Os líderes mundiais que vão desembarcar na cidade para a Rio+20 começarão sua temporada na cidade com uma viagem de cerca de 40 minutos entre o Aeroporto Internacional do Galeão e os hotéis da zona Sul da cidade. Para a centena de autoridades inscritas para discursar durante os três dias de conferência a partir de 13 de junho, os 25 quilômetros de trânsito lento que separam a Ilha do Governador dos bairros de Ipanema, Leblon e Copacabana serão uma aula de Rio de Janeiro – muito além dos cartões postais e da beleza carioca cantada e contada. O próprio desembarque das delegações obriga a um choque de realidade quando o assunto é a cidade-sede da Rio+20. A Baía de Guanabara ainda encanta, pois é único o cenário de mar e montanha onde se formou a cidade. Mas o espelho d’água, confundido com um rio pelos portugueses que desbravaram esse território no século XVI, é hoje um ponto de deságue dos problemas ambientais do Rio e dos 16 municípios que se formaram ao redor da Guanabara.

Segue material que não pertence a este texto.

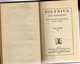 Delcampe - Polybius  The Histories With An English Translation By W.R. Paton Ed. W.Heineman Ltd, Harvard Univ. Press MCMLIV (1954) - Oudheid
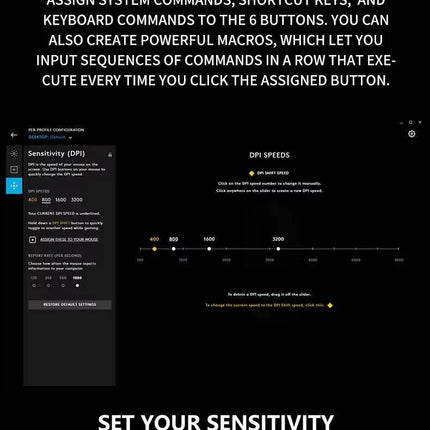 Logitech G102 Wired Gaming Mouse,Ergonomic Hand Contour,Customizable RGB Modes For Multiplayer Online Competitive Games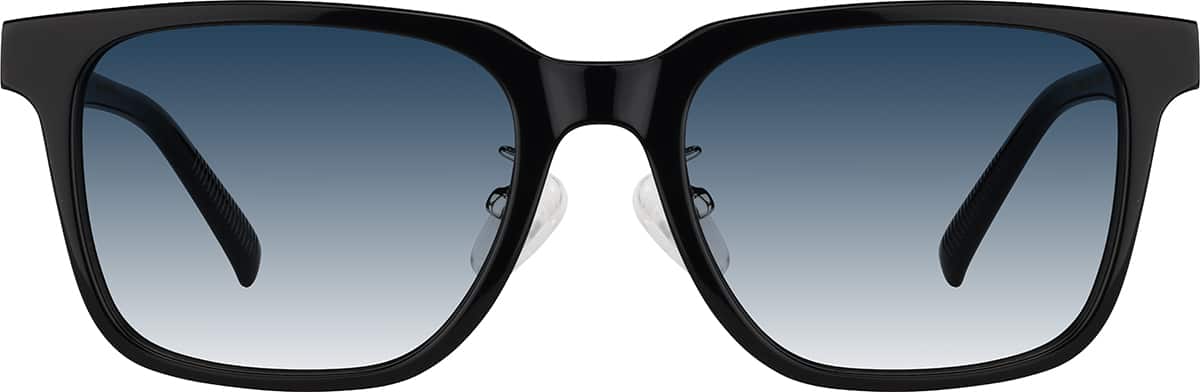 Image of Square Glasses
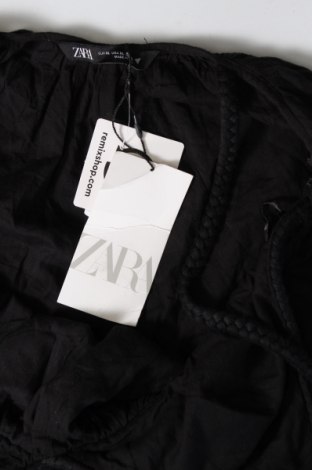Salopetă de femei Zara, Mărime XL, Culoare Negru, Preț 144,38 Lei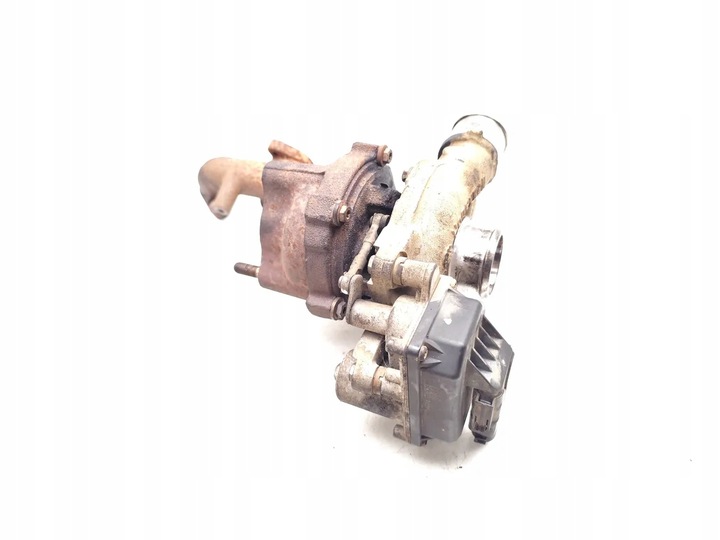 фото №10, Kia sportage турбіна 1.7 crdi дизель 85kw 116 hp 28201-2a820 2015 suv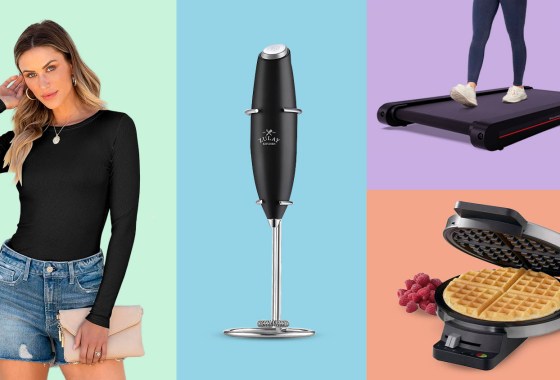 Epic Discounts: Products for the home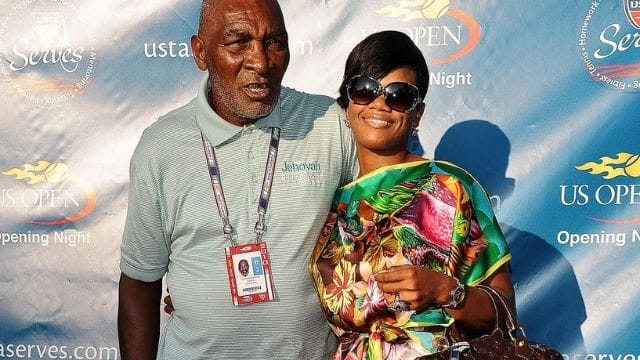  Serena Williams Father Net Worth: How Much King Richard Williams Make? Latest Updates!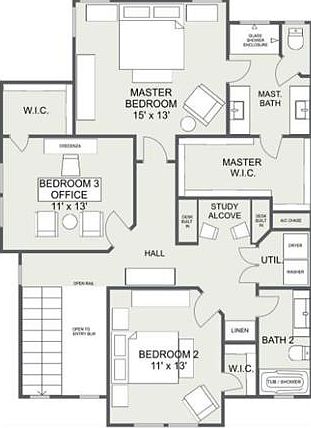 2nd image of 6515 Davis Ln Unit 5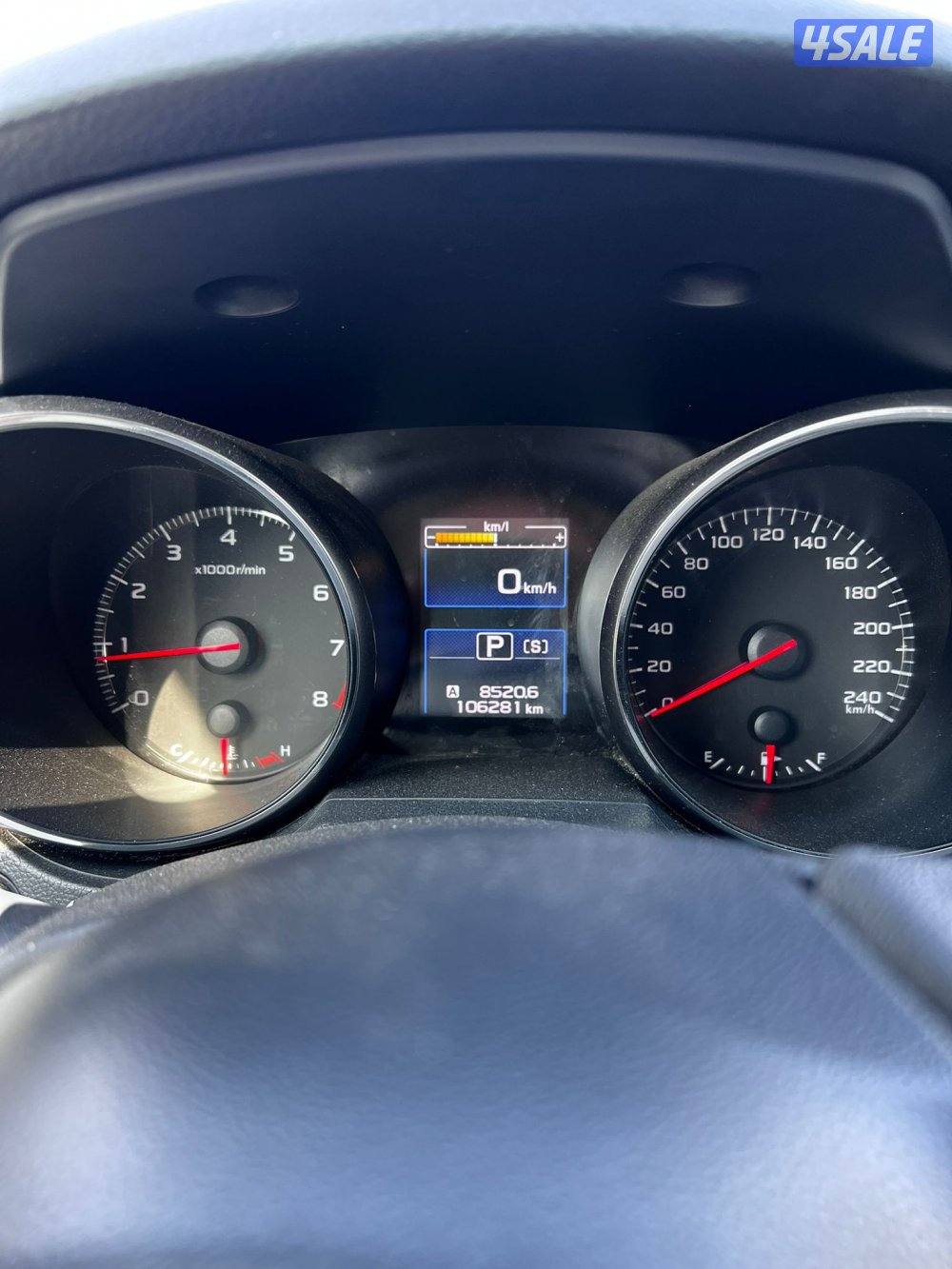 Subaru Legacy 2017 AWD No Accidents!10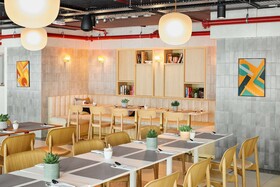H4 Hotel Wyndham Paris Pleyel Resort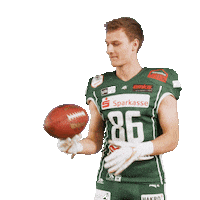 Rannfl Itsallabouttheu Sticker by Schwäbisch Hall Unicorns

O Rio de Janeiro marrom, sufocado pela expansão desordenada da cidade, ao longo de séculos em que o meio ambiente foi tratado como algo inesgotável, é também síntese das metrópoles do Brasil e do mundo. Paulo Cesar Rosman, professor de engenharia oceânica da Coppe/UFRJ, enxerga na Baía de Guanabara as consequências dos desastres sociais e ambientais das cidades a seu redor. E alerta que tratar a questão sob o ponto de vista meramente ambiental não resolve o problema. "A poluição da Baía nada mais é do que o efeito colateral do que está no seu entorno. Uma população desamparada. Três ou quatro milhões vivendo com saneamento básico inexistente ou precário. Enquanto você tiver o grosso dessa população preocupada com sua sobrevivência, e sob pressão, a poluição da baía não estará resolvida", afirma.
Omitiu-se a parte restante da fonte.